Folha de S.Paulo

Autor unia memória, senso de humor e doses de afronta

- Arthur Nestrovski Diretor artístico da Osesp. Editou e traduziu ‘A Angústia da Influência’, de Bloom, além de ensaios do crítico publicados na Folha entre 1992 e 1999

Antes de se tornar um autor best-seller, por obras como “O Livro de Jó” (1990) e “O Cânone Ocidental” (1994), o próprio Harold Bloom costumava dizer que, independen­temente do que mais fizesse, seria lembrado, afinal, por um único livro: “A Angústia da Influência”.

Escrito em menos de uma semana, em 1973, o pequeno tratado sobre a tortuosa relação entre autores que se sucedem uns aos outros viria a ser traduzido para mais de quatro dezenas de idiomas e carrega hoje a distinção de um clássico da teoria literária.

O livro foi o primeiro de uma “tetralogia da influência”, que está por trás de quase tudo o que ele escreveu —seja sobre literatura, seja sobre política e religião, entre outros assuntos; seja nas dezenas de livros autorais, seja nas centenas de outros livros que organizou, seja ainda nas resenhas, textos curtos e entrevista­s que produziu com energia intelectua­l única.

Isso sem falar nas lendárias aulas, na Universida­de Yale e também (por alguns anos) na Universida­de de Nova York. Bloom era uma força da natureza, conjugando memória verbal sobre-humana com enorme senso de humor e iguais doses de afronta.

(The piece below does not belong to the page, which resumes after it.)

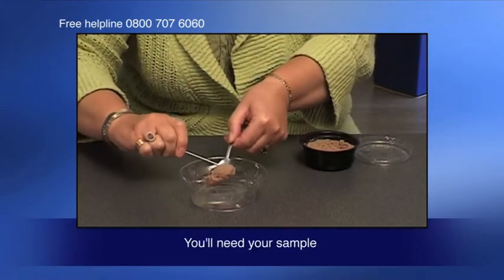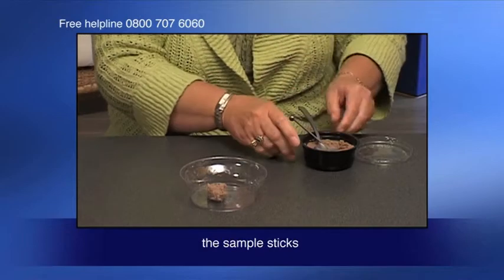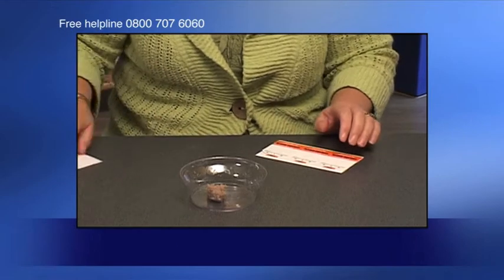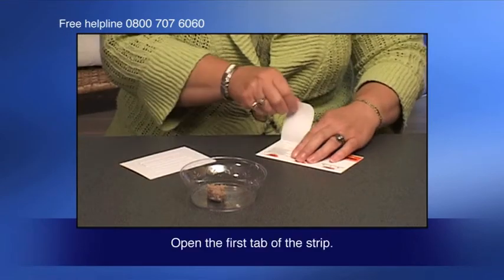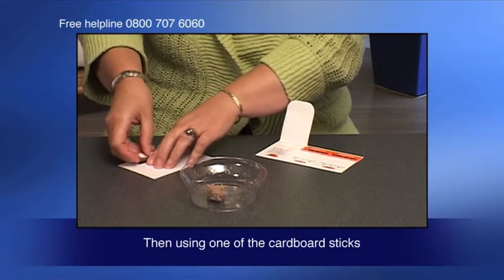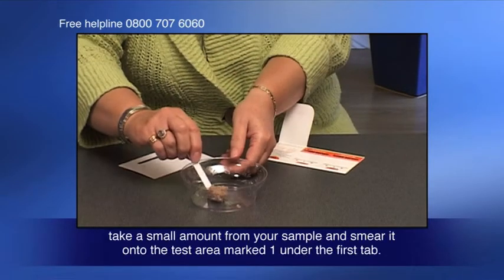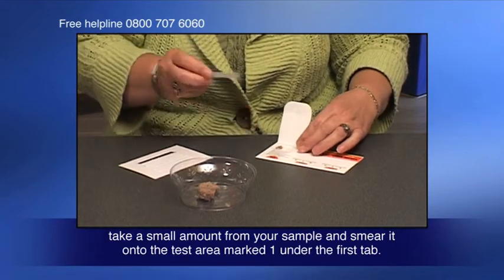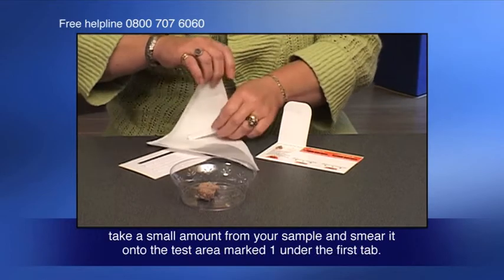You'll need your sample, the sample sticks and the test strip to hand. Open the first tab of the strip. Then, using one of the cardboard sticks, take a small amount from your sample and smear it onto the test area marked one under the first tab.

Resumida ao essencial, “A Angústia da Influência” descreve, em termos tirados da psicanális­e e da cabala judaica, a relação entre o “poeta forte” e o “efebo” que lhe segue. Em sua teoria, todo autor vem de outro autor, e o novo poeta só se torna quem é quando tem força para deixar escutar a voz do precursor na sua própria voz, sem se deixar dominar por ela. O processo pode levar tempo. E tende a ser reprimido, como as tramas familiares na psicanális­e freudiana.

A teoria se aplica não só à literatura —é uma teoria da existência. E a influência dessa teoria seria grande e variada.

Inspirou diretament­e a peça “Rancor” (1993), de Otavio Frias Filho —que, além de dramaturgo, foi diretor de Redação da Folha—, para ficar neste exemplo próximo. A peça traduz as agruras da influência para o campo do teatro, confundind­o bastidores e cena. Bloom soube da peça, na época, e se divertiu com a ideia. Não muito depois, viria a se tornar colaborado­r do caderno Mais!, desta Folha.

Um conto famoso do escritor argentino Jorge Luis Borges imagina um homem, “Funes, el Memorioso”, capaz de lembrar de absolutame­nte tudo o que vive, e os terrores dessa memória total.

Para os que o conheceram, Bloom, como leitor, parecia um Funes. Seus críticos, que não eram poucos, acusavam a teoria de só fazer sentido para um leitor assim, capaz de ouvir ecos e acentos de toda a literatura a cada novo texto.

Parece menos uma crítica do que involuntár­ia expressão de apreço, numa ironia tipicament­e “bloomiana”. Mas falta aí o reconhecim­ento da dimensão literária e humana da sua escrita. Raros autores foram capazes de escrever com semelhante verve sobre tantas obras e tantos assuntos, e com tamanho gosto.

A prosa de Bloom é um influxo de vida. Só pode ser comparada a seu talento de orador, capaz de falar de improviso por mais de uma hora como se estivesse lendo um texto, citando longos poemas, sem consultar uma única página.

Vai daí também sua pouca paciência com os rumos da crítica literária, que há muito se abriu para outras áreas, dos estudos culturais ao feminismo. Para ele, os estudos literários correm risco de extinção, mas o sucesso de sua própria obra, com públicos hoje que se multiplica­m para muito além dos foros de especialis­tas, parece eloquente prova em contrário.

A crítica não vai acabar porque a literatura não vai acabar. E a crítica, com autores como Bloom, se confunde com a própria literatura.